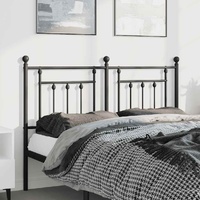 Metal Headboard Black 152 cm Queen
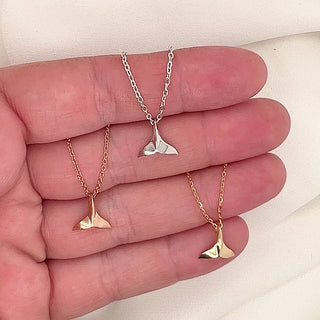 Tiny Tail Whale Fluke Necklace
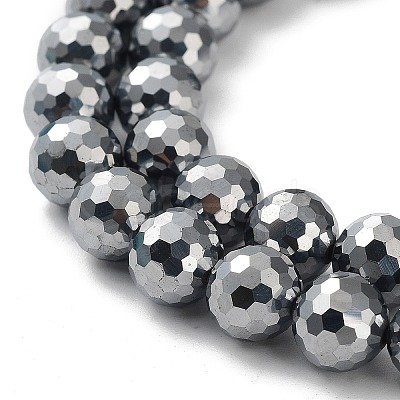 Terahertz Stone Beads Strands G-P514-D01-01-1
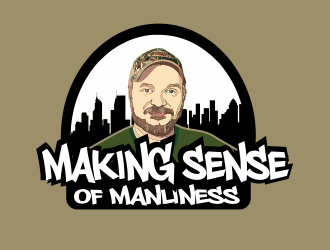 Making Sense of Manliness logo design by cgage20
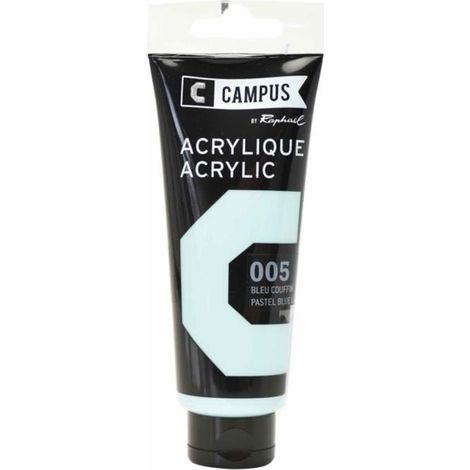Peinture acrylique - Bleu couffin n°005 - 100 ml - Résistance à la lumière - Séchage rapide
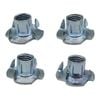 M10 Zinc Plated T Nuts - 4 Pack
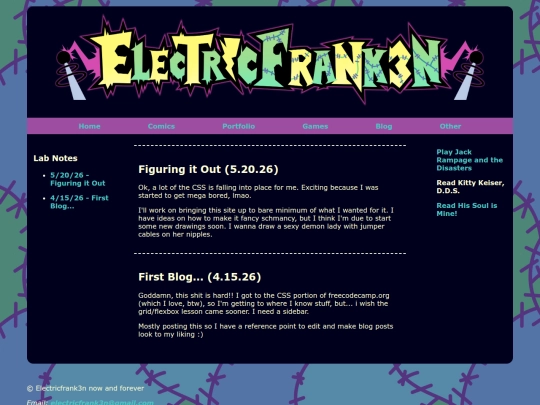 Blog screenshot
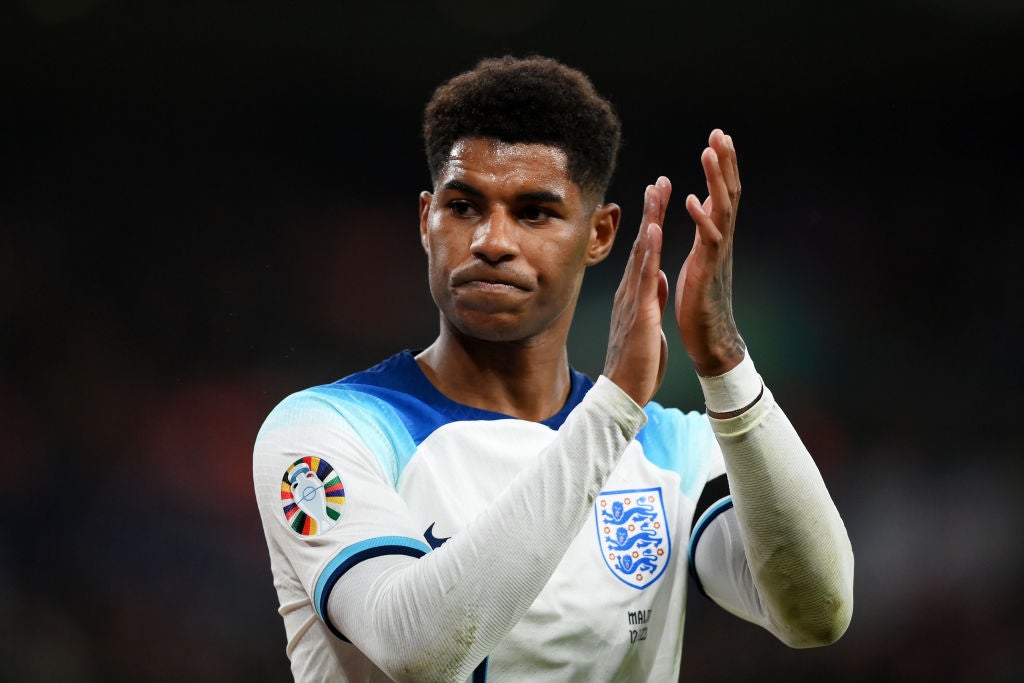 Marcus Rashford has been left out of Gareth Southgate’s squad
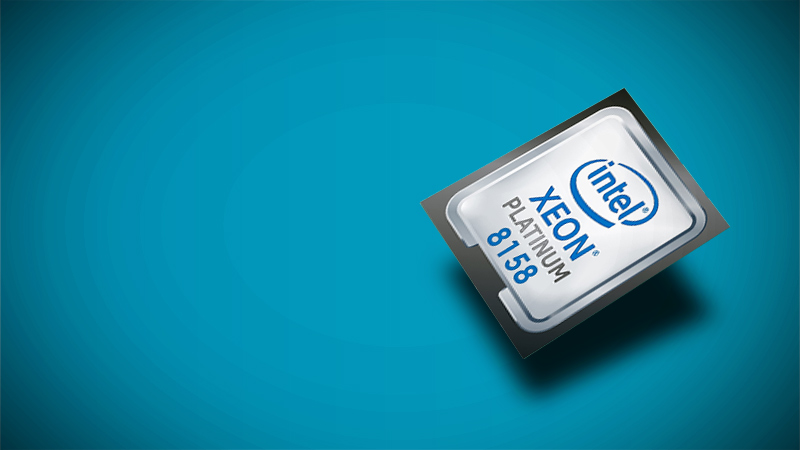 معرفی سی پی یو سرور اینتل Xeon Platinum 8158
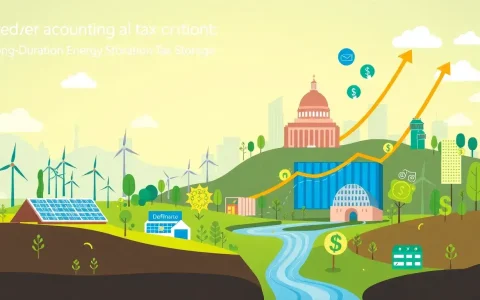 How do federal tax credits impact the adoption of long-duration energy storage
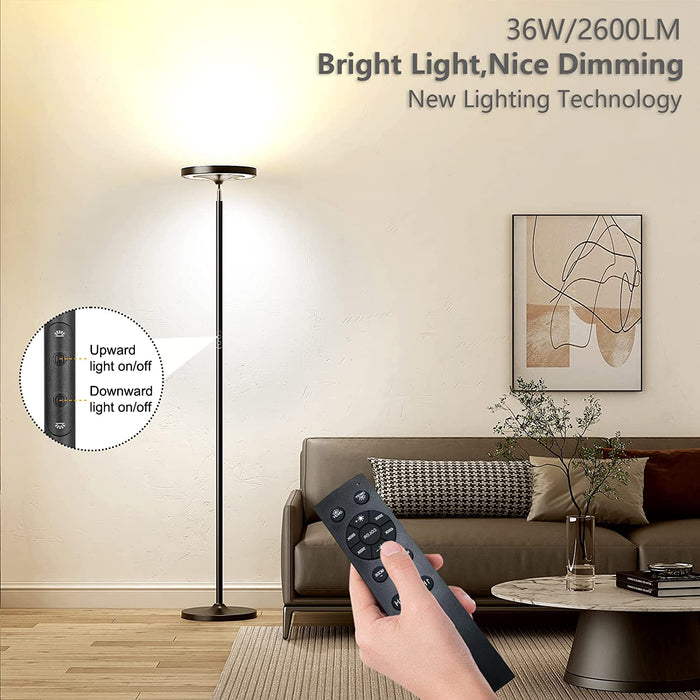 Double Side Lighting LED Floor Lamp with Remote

...

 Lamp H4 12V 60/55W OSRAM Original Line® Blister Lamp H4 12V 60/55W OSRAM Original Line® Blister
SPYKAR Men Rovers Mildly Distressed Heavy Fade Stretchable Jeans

--

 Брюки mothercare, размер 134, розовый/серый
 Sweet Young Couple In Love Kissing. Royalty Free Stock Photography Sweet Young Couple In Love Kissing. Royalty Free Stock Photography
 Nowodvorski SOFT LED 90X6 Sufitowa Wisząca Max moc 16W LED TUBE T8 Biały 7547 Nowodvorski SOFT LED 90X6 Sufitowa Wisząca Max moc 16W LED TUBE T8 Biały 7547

[ASSIGNMENT]
The material above holds pictures; leave them out and set down exactly the lines from the line with "Metal Headboard Black 152 cm Queen" to the line with "Double Side Lighting", both included.

[EXERCISE RESULT]
 Metal Headboard Black 152 cm Queen
 Tiny Tail Whale Fluke Necklace
 Terahertz Stone Beads Strands G-P514-D01-01-1
 Making Sense of Manliness logo design by cgage20
Peinture acrylique - Bleu couffin n°005 - 100 ml - Résistance à la lumière - Séchage rapide
 M10 Zinc Plated T Nuts - 4 Pack
 Blog screenshot
 Marcus Rashford has been left out of Gareth Southgate’s squad
 معرفی سی پی یو سرور اینتل Xeon Platinum 8158
 How do federal tax credits impact the adoption of long-duration energy storage
 Double Side Lighting LED Floor Lamp with Remote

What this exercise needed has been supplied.